The lever offers pad contact and lever travel adjustments, which are now detented so they won’t rattle and change your settings. Weight for a 160mm rotor set (which is how Avid measure all their brakes) is 410g a wheel, which is 10g lighter than the original Juicy 7 – a brake that was hailed as being a super light XC brake only a few years ago.

There’s a Code-R brake which offers much of the same technology for a lower price. It misses out on the lever bearings though…

Over at the Elixir brake now… we have the new SRAM XO level brake. It replaces the Avid CR Mag and comes in at 333g a wheel (160mm rotor). The magnesium has been replaced for aluminium as it’s not aimed at being an XC race brake (they have XX for that) and they wanted it to be a little tougher. (For example, it’s the brake that Steve Peat uses on his downhill bike…) Avid has also changed the insides of the system a little for better ‘air management’ should you get air into it during a bad bleed. There will be carbon and ally levers available. It’ll be coming in the new SRAM XO colours of Gold, Blue, Black and Red.

Also from Avid is the eagerly awaited Shorty Ultimate cyclocross brake, which is swappable between wide or narrow modes and features all the neat machining, bearings and gadgety bits of the Ultimate range.

Avid Shorty. All the 'cross kids want them.

Over to Rockshox now. First up is the Vivid rear shock. It’s a DH or Freeride shock and it now comes in a full air sprung version. The Vivid Air is a ‘twin tube solo air’ shock and though it looks huge, it takes up the same amount of space as a coil shock.

One problem with air shocks can be that as the shock heats up with prolonged use (like on a big downhill) it can cause the shock damping to fade as the damping oil heats up. Rockshox reckons it’s got round that by having a ‘Hot Rod’ thermoplastic damper rod that heats up with the oil and expands to counteract the new, less viscous oil. The SRAM guys hauled Mick Hannah up to tell the crowd how much he liked it as he reckons it helps the bike sit up a little more into its travel, rather than wallowing in the corners.

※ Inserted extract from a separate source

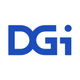 Dembach Goo Informatik GmbH & Co. KG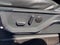 2021 Ford F-150 Lariat Clean CarFax, One Owner, Sport Pkg, FX4, 20" Wheel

There’s also a new twin crown Domain fork coming out that you’ll doubtless see on many bike park rental bikes and budget downhill racers’ bikes as it seems pretty bombproof and won’t be too expensive.

The Argyle jump for too has been revamped. It now comes with rebound, compression and threshold, with alloy stanchions. It’ll also come in 80, 100 or 140mm travel with a long travel solo air cartridge. One other thing to spot is there’s a new Maxle Lite axle. It now only expands on one side and does away with the far side nut. This makes it lighter and stiffer apparently.